Lawyers are involved, so I'd assume some text about "excluding acts of god, sabotage,etc" to weasel their way out of things. They might even be able to get away with "acts of incompetence" how ever a lawyer might phrase that to allow their client to weasel.

TheCoelacanth · on April 13, 2022

SLA credits are a thing that actually happen in the industry. I wouldn't automatically assume that they will be able to weasel out of it.

They are typically limited to the amount that you actually paid, though, so basically they don't charge you for the time when you couldn't use the product. You usually won't get more than that.

mywittyname · on April 13, 2022

That's a good way to get executive approval to replace a system. Google or Apple can get away with this kind of behavior, I doubt Atlassian can.

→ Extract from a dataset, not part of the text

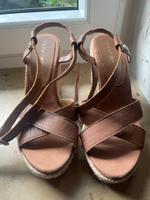 Tommy Hilfiger Keilsandalen Größe 37 Nordrhein-Westfalen - Korschenbroich Vorschau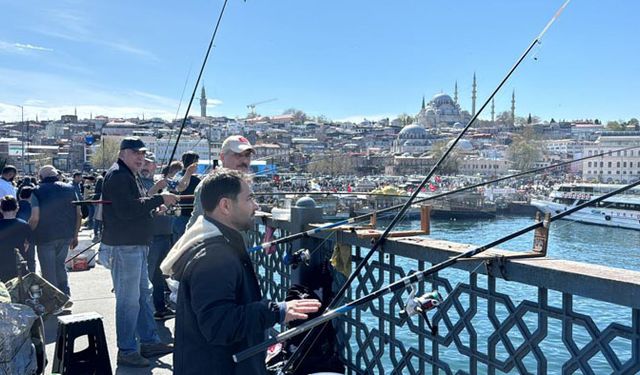 Galata Köprüsü ekmek kapısı oldu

This outage alone has spurred conversations in slack about how terrible JIRA is and why we should replace it. If this kind of shit was pulled, I can guarantee we'd be on shortcut, linear, or something else in short order.

MajorBee · on April 13, 2022

> Google or Apple can get away with this kind of behavior, I doubt Atlassian can

Atlassian absolutely can in enterprise settings. In my company (a large cloud company), if JIRA goes down, large swathes of the business will also stall, including code deployment (deployments are tracked through change management JIRA tickets). We also use the DC version of Atlassian products, so presumably we aren't be at the mercy of Atlassian cloud engineers.

echelon · on April 13, 2022

In some industries, three nines isn't exactly stellar. Every service I've worked on recently has demanded five nines of uptime and tons of reporting on latency and even seconds-long outages.

I've been on-call during a total infrastructure outage whose root cause was a service my team owned [1]. Our CEO was aware of it. Customers and business partners were aware of it. Other CEOs were aware of it. The media, you name it.

Some outages can be "business ending" or "business damaging". That's why we made a practice and process of performing regular disaster recovery exercises, had exceptionally well documented runbooks, had monitoring attached to everything, and engineered for resilience.

Though I'm not familiar with how Atlassian runs, I think this is an "engineering culture" thing or can be mitigated with a proper approach.

[1] The company has only had a few of these in total, and no member of our team was culpable for the complicated failure.

mmcgaha · on April 13, 2022

I think of SLAs as how do we design this thing. Ask for a system without an SLA and I will give you a system that is well designed and almost never goes down. As soon as you ask for an SLA, I will give you an over engineered system that costs more, takes longer to implement and is slower to iterate but it will almost never go down either.

krinchan · on April 13, 2022

Per the article, if you experience < 95% uptime in any 30 day window you qualify for a 50% discount. On a month or your next year or ... ? it doesn't say.